Duygularımın dörtte biri
Dünyadan koptuğum, kelimelerin kifayetsiz kaldığı günlerdeyim.
Rüyada olsam... uyansam!!
Meğer varlığı canımmış. Meğer dünya onun sorularıyla, baskılarıyla, istekleriyle, güzelmiş. Meğer dünya o’ymuş..
Geç kalmış olmaktan korkuyorum. Son on yıldır korktuğum gibi. Yine...
Daha fazla sarılmalıydım.
Daha fazla öpmeliydim onu.
Daha fazla seni seviyorum demeliydim. Ve daha fazla dinlemeliydim tüm sözlerini.
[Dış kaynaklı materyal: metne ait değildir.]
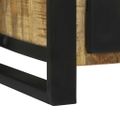 vidaXL Skrinka pod umývadlo Hnedá 55 x 35 x 60 cm Masívne mango drevo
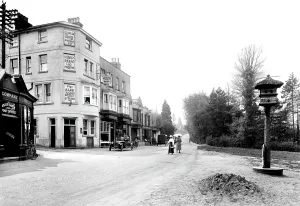 Westcott: Westcott, the Village 1922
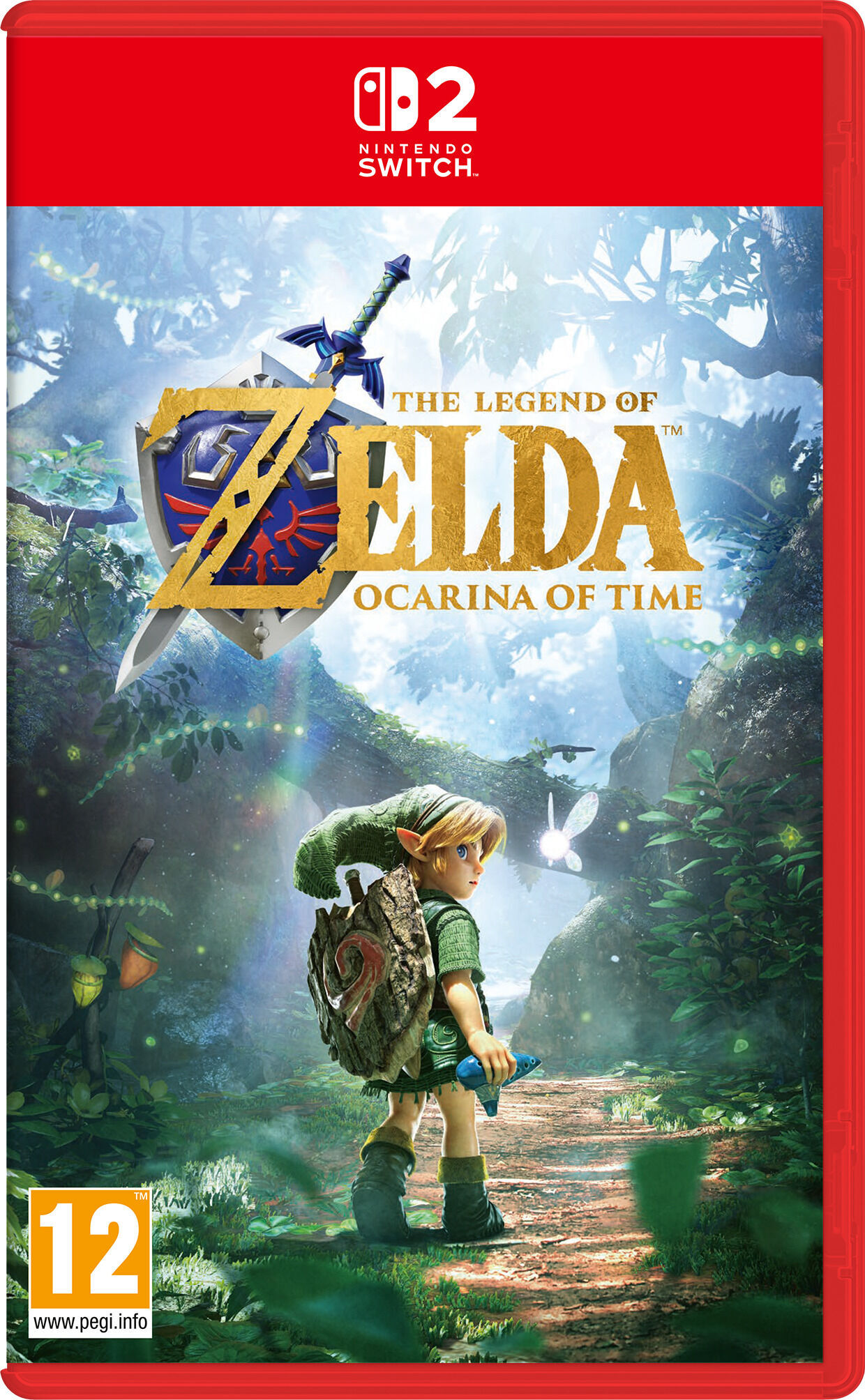 Portada de Zelda Ocarina of Time Remake
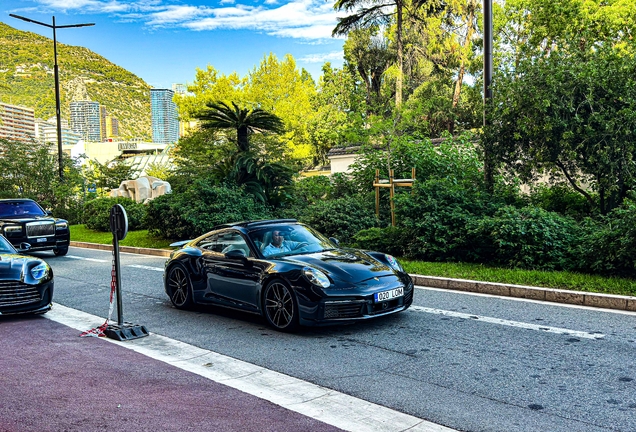 Porsche 992 Turbo S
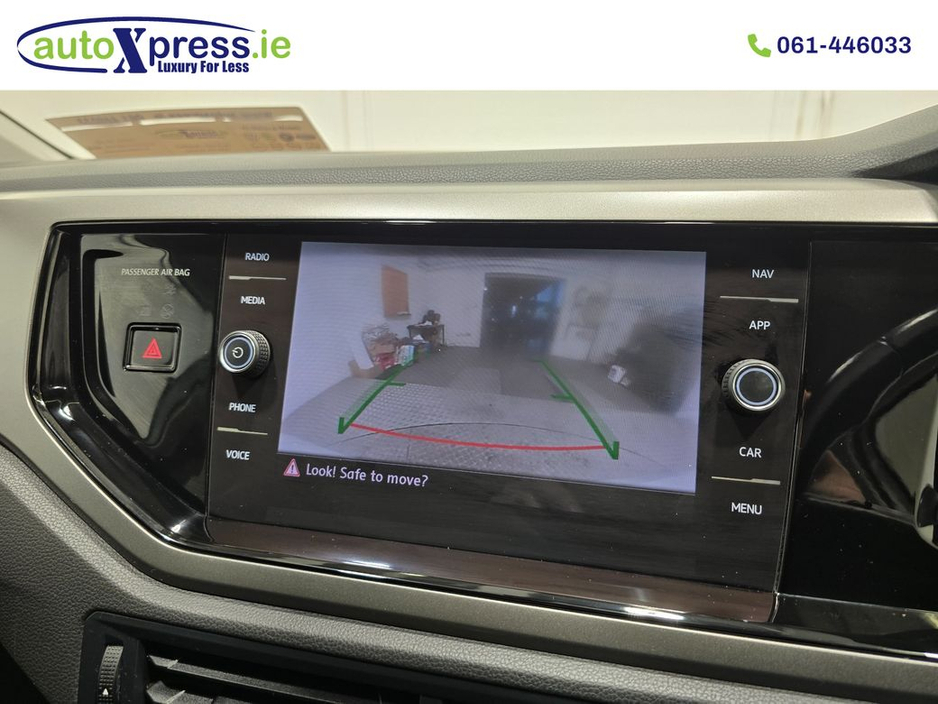 2021 Volkswagen Polo 1.0 TSI Automatic, Reversing camera LOW MILES €20,495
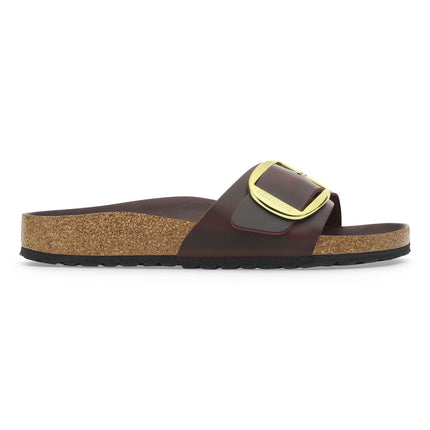 MADRID BIG BUCKLE (PELLE) - Sandalo da donna BIRKENSTOCK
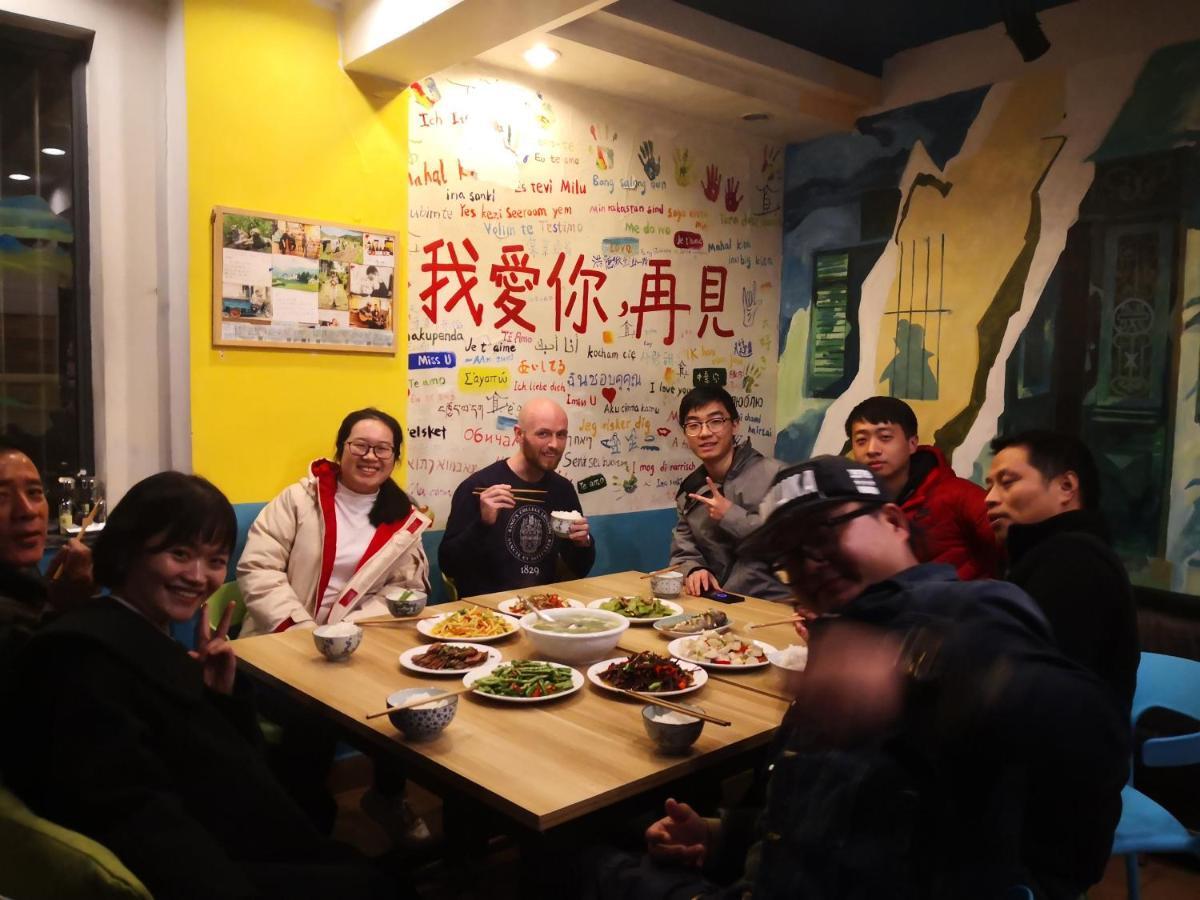 Kunlun International Youth Hostel Huangshan Eksteriør billede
Canımı... Canıma can katanımı. Oturup karşılıklı sohbetler etmeliydim. Asık suratındaki asabiyet görüntüsünün, kişiliği olmadığını bilerek, mizacına kalbinin ne kadar ters düştüğünü şakalarla anlatmalıydım. Ama en çok gözlerinin taa içine bakarak gülen gözlerini daha çok güldürmeliydim. Öpmeliydim... Öpmeliydim...
“Huyları aynı ben, kopartıyor” dediğini oturup çekiştirmeliydim onunla. Hatta kızdırmalıydım sinsice... Sonra boynuna sarılıp kızgın gözlerine gülümsemeleri serpmeliydim “haklısın” diyerek, öperek...
Geç kalmış olmaktan korkuyorum.
Tüm iyi niyetlerimle: sırtımı yasladığım tek insanı, tek erkeği, bitmeyecek aşkımı, beni anlayan nadir kişiyi, kusursuzu geri istiyorum. Dualarımı yolluyorum evrene onun için.
Mutluluk kavramı anlam değiştirdi bu atmosferde. Artık acıların kıyısından geçiyor mutluluk anlayışım...
“Bu günkü gibi bir gün olur” dediğin günü erteleyelim... Uzaklaşsın... Lütfen biraz daha diren, lütfen.
Zaman bir bakışla, ruha dokunan bir lafla durabilir. Buna kabilim. Ama zaman, boş bir bakışla ve yıllarca tanıdığın bildiğin bir insanın “kimsin” demesiyle biter mi? Biter! Bitiyor. Canım acıyarak bitiyor!
Bütün enerjimi sana yolluyorum, bütün yaşama isteğim senin olsun Babam...
Biraz daha diren seninle yaşayacaklarım bitmedi henüz.
Sana bu hastane sandalyesinde yazdıklarımı gülerek okumak ümidiyle yaşıyorum.